■ **WHAT THIS TASK INVOLVES**
Find the lines of the material below that include the string "Name", then copy each one.

■ **RECORDS FOR PROCESSING**
◆ ◆ ◆

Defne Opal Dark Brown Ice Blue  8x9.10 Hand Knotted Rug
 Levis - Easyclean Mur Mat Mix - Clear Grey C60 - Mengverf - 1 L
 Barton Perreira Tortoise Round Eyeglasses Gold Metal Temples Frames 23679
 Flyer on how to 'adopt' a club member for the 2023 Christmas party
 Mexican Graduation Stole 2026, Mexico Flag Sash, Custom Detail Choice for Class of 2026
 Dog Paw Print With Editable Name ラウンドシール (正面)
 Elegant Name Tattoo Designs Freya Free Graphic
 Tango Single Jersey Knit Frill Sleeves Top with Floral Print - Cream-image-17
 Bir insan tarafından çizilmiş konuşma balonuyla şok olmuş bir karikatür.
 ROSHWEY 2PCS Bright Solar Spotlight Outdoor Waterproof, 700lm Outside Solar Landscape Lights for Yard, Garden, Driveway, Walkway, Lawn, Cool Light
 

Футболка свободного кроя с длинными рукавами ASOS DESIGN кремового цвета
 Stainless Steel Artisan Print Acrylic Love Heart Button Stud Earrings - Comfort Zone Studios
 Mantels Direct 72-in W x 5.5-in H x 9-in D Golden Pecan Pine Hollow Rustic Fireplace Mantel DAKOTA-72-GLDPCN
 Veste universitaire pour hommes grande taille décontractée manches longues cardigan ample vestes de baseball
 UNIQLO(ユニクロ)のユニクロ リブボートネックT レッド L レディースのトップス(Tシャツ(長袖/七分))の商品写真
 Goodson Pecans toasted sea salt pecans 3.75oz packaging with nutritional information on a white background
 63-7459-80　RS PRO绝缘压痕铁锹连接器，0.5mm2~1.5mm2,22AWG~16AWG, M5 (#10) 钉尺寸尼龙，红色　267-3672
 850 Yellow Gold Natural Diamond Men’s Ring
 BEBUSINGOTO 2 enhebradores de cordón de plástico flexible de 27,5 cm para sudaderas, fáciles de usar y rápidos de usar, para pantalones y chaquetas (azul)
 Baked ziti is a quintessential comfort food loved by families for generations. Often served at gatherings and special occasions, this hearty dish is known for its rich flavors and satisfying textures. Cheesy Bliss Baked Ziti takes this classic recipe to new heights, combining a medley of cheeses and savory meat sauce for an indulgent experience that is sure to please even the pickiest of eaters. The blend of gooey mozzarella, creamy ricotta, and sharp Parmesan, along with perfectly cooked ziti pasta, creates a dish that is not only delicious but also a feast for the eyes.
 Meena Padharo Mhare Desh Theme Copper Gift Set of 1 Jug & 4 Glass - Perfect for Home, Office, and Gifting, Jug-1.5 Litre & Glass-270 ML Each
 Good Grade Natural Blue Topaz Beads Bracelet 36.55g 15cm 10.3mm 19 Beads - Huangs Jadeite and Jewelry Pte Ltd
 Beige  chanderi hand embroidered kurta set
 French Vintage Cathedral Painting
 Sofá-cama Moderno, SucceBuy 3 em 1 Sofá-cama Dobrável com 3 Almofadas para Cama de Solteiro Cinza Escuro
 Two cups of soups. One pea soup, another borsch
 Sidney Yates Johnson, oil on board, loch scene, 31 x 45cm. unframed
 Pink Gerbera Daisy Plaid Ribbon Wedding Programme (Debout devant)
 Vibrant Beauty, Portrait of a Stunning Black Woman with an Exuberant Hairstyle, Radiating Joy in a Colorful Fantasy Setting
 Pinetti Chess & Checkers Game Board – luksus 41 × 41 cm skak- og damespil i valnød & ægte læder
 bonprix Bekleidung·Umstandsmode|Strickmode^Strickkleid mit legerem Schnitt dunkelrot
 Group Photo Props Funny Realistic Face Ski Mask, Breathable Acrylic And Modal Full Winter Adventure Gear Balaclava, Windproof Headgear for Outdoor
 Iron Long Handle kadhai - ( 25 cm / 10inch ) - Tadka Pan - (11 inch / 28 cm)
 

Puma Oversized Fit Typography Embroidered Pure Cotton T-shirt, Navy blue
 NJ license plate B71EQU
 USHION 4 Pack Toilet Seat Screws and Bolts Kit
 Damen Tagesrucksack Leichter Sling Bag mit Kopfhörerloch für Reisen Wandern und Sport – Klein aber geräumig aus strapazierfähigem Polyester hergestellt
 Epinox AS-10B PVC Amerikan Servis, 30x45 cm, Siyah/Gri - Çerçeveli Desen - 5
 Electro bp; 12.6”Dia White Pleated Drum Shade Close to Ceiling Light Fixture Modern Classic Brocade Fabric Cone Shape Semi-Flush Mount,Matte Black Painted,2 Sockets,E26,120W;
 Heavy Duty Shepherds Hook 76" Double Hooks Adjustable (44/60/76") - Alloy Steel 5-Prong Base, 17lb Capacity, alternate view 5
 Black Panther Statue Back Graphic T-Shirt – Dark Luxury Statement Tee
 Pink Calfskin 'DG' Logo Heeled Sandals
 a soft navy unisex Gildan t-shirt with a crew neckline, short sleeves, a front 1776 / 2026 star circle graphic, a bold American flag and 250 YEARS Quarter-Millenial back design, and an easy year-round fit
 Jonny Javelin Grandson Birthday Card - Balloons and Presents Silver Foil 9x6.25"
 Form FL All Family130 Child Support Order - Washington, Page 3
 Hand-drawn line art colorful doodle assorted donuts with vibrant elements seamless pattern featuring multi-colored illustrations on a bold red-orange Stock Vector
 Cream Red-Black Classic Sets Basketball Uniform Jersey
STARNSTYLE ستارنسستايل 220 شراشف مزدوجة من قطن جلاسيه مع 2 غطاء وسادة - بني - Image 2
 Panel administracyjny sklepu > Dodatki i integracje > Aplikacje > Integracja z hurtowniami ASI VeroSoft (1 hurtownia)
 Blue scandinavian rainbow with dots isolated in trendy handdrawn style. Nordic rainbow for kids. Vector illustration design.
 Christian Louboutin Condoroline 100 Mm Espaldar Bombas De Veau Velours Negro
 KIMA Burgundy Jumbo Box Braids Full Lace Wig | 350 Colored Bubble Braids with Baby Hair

◆ ◆ ◆

■ **SOLUTION FOR THIS PROBLEM**
 Dog Paw Print With Editable Name ラウンドシール (正面)
 Elegant Name Tattoo Designs Freya Free Graphic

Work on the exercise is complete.